## AIM OF THE TASK
Your answer should be the records, copied exactly, with the pictures removed.
+++ SUPPLIED RECORDS +++
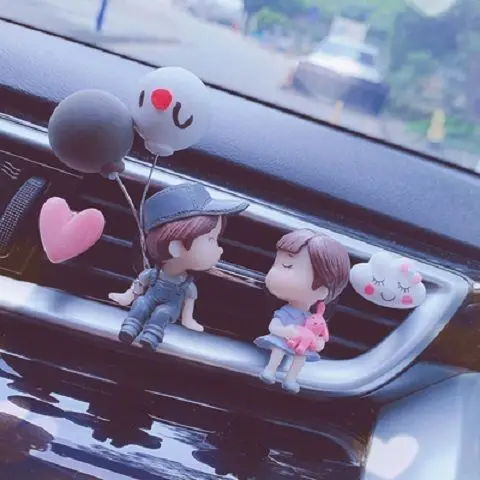 Симпатичные парные фигурки для девочек и мальчиков зажим духов освежитель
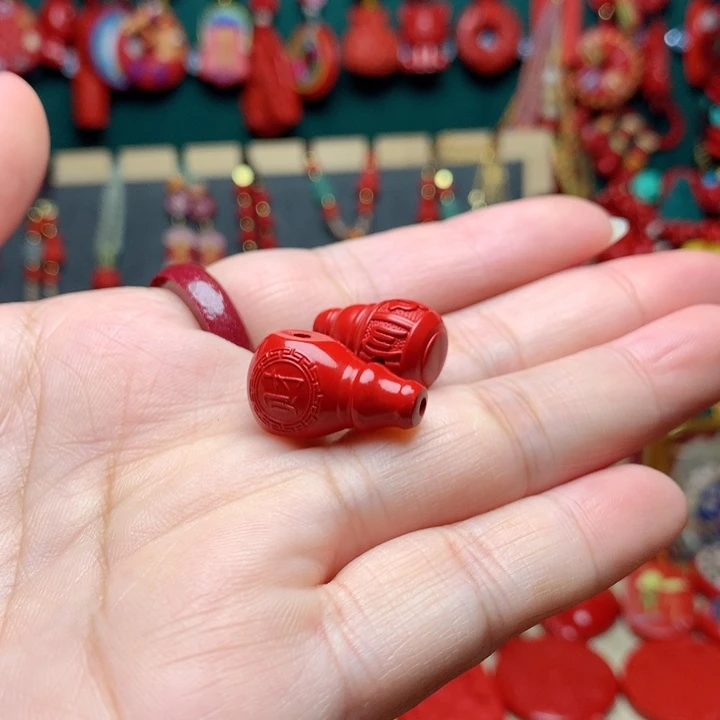 含辰砂工艺品三通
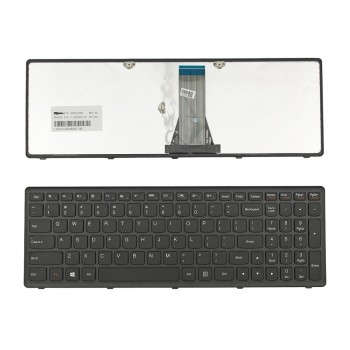 Πληκτρολόγιο Laptop keyboard για Lenovo IdeaPad G500S G505S S500 S510p Flex 15 Black Frame Black US - 25211080 25211020 T6E1-US 9Z.NAFSW.K01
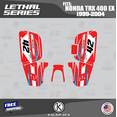 thumbnail image 3 of Kalair GFX Graphics Kit for Honda ATV TRX 400EX (1999-2004) Lethal Series, 3 of 6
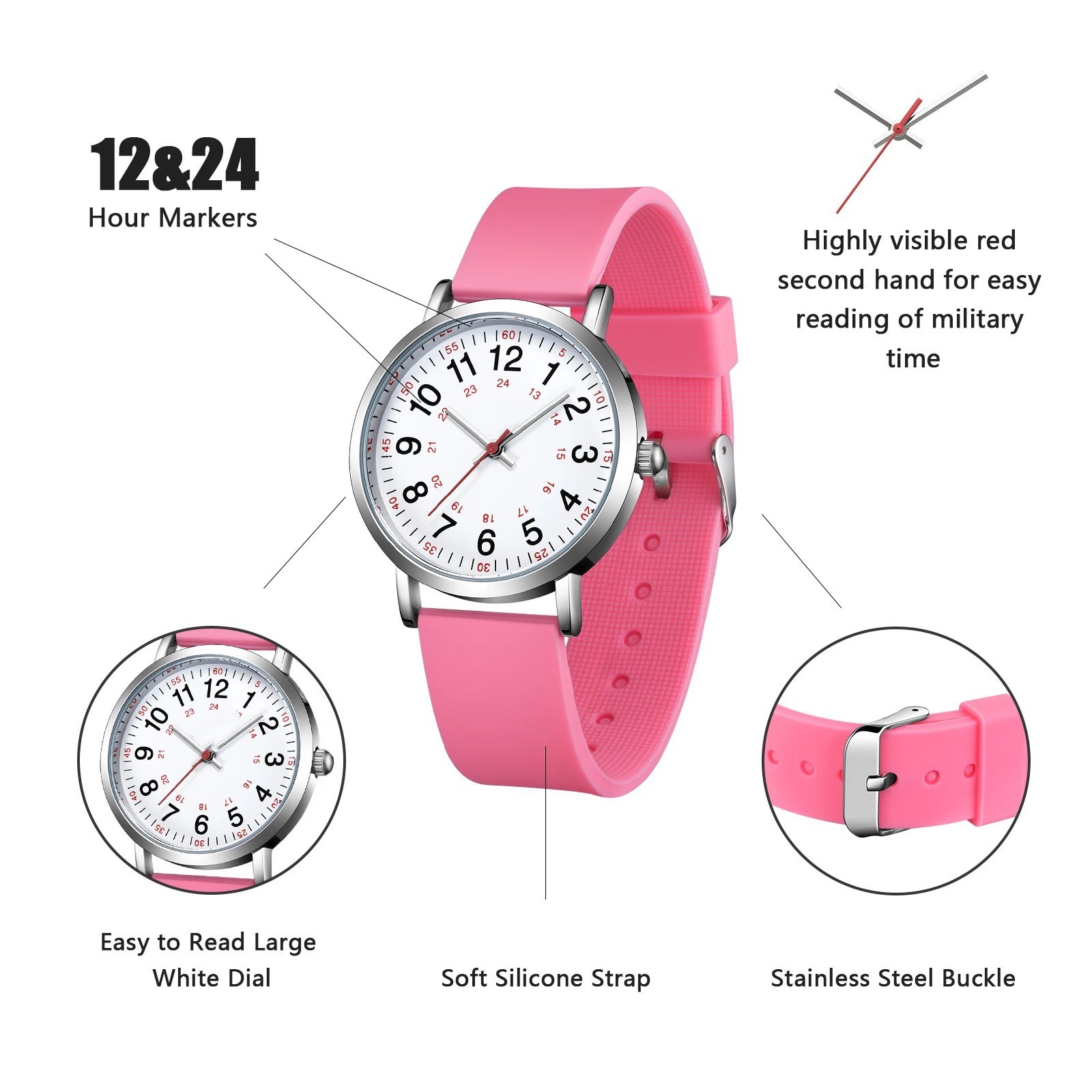Nurse Watch for Medical Professionals, Students Women Men 7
+++
## TASK OUTPUT
 Симпатичные парные фигурки для девочек и мальчиков зажим духов освежитель
 含辰砂工艺品三通
 Πληκτρολόγιο Laptop keyboard για Lenovo IdeaPad G500S G505S S500 S510p Flex 15 Black Frame Black US - 25211080 25211020 T6E1-US 9Z.NAFSW.K01
 thumbnail image 3 of Kalair GFX Graphics Kit for Honda ATV TRX 400EX (1999-2004) Lethal Series, 3 of 6
Nurse Watch for Medical Professionals, Students Women Men 7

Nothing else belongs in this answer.